Harvey Milk at the Gay Pride Parade June 23, 1978. | Terry Schmitt / San Francisco Chronicle via Getty Images

Harvey Milk Day 

12 – 5 p.m.
Jane Warner Plaza at the intersection of Castro, 17th and Market streets

On what would have been Harvey Milk’s 92nd birthday, the Castro and LGBTQ+ San Franciscans will come together to honor the legacy of the pioneering San Francisco politician and fallen LGBTQ+ activist starting at noon on Sunday.
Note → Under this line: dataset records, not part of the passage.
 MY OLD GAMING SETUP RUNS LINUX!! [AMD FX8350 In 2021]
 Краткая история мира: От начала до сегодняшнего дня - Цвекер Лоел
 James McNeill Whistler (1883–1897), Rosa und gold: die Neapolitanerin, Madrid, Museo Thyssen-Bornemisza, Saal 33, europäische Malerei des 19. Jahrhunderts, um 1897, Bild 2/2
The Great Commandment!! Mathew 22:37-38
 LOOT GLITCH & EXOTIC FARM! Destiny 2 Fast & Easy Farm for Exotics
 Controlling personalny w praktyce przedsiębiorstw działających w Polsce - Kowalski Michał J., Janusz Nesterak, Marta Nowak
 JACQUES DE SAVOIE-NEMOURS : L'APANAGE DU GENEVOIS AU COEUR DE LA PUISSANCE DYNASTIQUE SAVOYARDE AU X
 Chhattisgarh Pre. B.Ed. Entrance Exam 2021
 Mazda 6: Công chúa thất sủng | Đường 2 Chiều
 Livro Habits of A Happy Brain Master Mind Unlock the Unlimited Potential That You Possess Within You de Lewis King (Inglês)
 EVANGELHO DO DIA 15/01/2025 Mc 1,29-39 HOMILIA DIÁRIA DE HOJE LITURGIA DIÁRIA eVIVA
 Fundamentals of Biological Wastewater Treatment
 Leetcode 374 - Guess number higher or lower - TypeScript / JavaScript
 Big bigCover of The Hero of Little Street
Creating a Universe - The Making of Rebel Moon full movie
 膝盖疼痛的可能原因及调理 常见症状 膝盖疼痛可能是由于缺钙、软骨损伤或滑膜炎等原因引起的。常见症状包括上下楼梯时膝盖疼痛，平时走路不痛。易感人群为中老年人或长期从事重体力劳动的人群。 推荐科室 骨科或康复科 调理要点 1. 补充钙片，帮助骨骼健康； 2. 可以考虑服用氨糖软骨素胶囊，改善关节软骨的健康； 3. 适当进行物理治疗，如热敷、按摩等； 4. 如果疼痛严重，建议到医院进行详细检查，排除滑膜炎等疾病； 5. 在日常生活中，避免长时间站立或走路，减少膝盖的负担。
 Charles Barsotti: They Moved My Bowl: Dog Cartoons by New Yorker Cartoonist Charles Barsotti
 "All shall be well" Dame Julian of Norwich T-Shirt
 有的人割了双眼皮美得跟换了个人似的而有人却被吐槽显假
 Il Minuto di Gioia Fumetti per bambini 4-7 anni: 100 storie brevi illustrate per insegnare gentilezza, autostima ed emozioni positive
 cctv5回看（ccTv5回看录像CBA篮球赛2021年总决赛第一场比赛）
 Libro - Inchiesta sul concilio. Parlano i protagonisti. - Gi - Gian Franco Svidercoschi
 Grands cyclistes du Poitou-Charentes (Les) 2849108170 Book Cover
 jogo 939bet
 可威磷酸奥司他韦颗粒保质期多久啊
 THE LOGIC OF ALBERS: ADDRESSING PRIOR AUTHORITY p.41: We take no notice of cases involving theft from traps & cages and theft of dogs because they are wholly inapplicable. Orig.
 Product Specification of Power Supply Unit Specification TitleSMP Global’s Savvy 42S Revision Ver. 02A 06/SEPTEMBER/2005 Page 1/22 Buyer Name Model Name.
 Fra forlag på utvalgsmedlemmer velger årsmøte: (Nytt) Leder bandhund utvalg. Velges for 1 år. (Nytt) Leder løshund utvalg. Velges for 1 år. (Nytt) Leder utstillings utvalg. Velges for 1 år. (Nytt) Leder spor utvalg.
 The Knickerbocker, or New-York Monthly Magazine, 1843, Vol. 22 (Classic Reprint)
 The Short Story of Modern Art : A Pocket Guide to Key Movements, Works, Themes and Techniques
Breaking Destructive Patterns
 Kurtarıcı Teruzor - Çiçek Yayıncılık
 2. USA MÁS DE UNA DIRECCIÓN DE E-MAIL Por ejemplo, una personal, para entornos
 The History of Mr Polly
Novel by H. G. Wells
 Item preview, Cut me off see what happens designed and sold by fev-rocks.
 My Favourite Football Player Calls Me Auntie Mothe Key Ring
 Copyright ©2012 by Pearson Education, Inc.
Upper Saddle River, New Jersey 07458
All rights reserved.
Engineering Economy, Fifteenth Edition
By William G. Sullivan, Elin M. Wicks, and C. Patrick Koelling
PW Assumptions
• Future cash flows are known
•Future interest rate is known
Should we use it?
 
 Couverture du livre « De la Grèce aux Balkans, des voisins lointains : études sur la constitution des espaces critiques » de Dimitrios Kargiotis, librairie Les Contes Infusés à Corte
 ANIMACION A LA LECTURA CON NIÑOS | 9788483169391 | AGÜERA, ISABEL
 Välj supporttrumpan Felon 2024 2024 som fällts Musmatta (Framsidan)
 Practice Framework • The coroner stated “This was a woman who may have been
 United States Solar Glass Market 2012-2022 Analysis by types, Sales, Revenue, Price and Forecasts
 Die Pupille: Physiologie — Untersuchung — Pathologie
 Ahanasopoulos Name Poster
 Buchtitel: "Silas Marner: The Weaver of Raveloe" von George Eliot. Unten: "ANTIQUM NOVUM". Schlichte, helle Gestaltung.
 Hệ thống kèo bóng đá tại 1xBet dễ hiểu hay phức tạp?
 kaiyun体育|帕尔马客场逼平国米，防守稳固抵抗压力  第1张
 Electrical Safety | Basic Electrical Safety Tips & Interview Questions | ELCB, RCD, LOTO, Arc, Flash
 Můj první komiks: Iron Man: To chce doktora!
The day named after Milk—who was California’s first openly gay elected official and tragically assassinated after just 11 months in office—features remembrances from friends and colleagues who knew him well, remarks from local queer politicians, and a block party. Beats by BAAAHS (short for the Burning Man mobile disco outfit Big-Ass Amazingly Awesome Homosexual Sheep) and DJs Carnita, Nico, and Bus Station John keep things moving after the noon opening ceremonies. The San Francisco Lesbian/Gay Freedom Band and Queer Chorus of San Francisco also stop by for musical performances. Drag personality Dulce De Leche emcees, and the block party starts at 1 p.m. 

City Hall is seen lit by lights in the colors of a rainbow on the evening that the U.S. Ninth Circuit Court of Appeals lifted California's stay on same-sex marriage on Friday, June 28, 2013 in San Francisco, Calif. (Photo By Lea Suzuki/The San Francisco Chronicle via Getty Images)

With nearly 240 anti-LGBTQ pieces of legislation filed in 2022 as of March, Jeffrey Kwong, vice president of events and fundraising for the Harvey Milk LGBTQ Democratic Club which is organizing the day’s commemorations and festivities, notes that Harvey Milk Day is a good opportunity for a “new generation” to learn about Milk’s legacy. 

“The times of Harvey Milk are closer to 2022 than we think, so it’s a time for us to remember the words of Harvey,” Kwong said. “It’s a good moment for remembrance and celebration.” 

In honor of the day, the Castro Theatre, which premiered the Oscar-winning 1984 documentary about Milk’s political rise, “The Times of Harvey Milk,” will screen a restored 35mm version of that film at 11 a.m. “The Ruth Brinker Story,” a documentary about the founder of the HIV/AIDS food aid nonprofit Project Open Hand will follow at 2 p.m. A double feature with both films screens at 3 p.m. All screenings are free, but seating is available on a first-come, first-served basis. If you miss those, a special benefit screening of “The Ruth Brinker Story” happens at 6 p.m., followed by a VIP after-party. Tickets are $50 in advance.  

Harvey Milk (1930 - 1978), of the San Francisco Board of Supervisors, sits outside his camera shop in San Francisco, November 9, 1977. Bettmann Archive / Getty Images

Known as the “Mayor of Castro Street,” Milk became a vocal activist after opening a camera shop in the Castro and was elected to the San Francisco Board of Supervisors in 1977. He was instrumental in the LGBTQ+ civil rights movement and passing city legislation that banned discrimination in public accommodations, housing and employment based on a person’s sexual orientation. Tragically, Milk and then-Mayor George Moscone were shot by disgruntled former Supervisor Dan White on Nov. 27, 1978. 

Despite his tragic assassination, Milk continues to be celebrated as an advocate of human rights and LGBTQ+ equality throughout the city—from the Castro’s Harvey Milk Civil Rights Academy to Harvey Milk Plaza to the beloved bar Harvey’s. City Hall will also light up in rainbow colors in honor of Harvey Milk Day on May 22.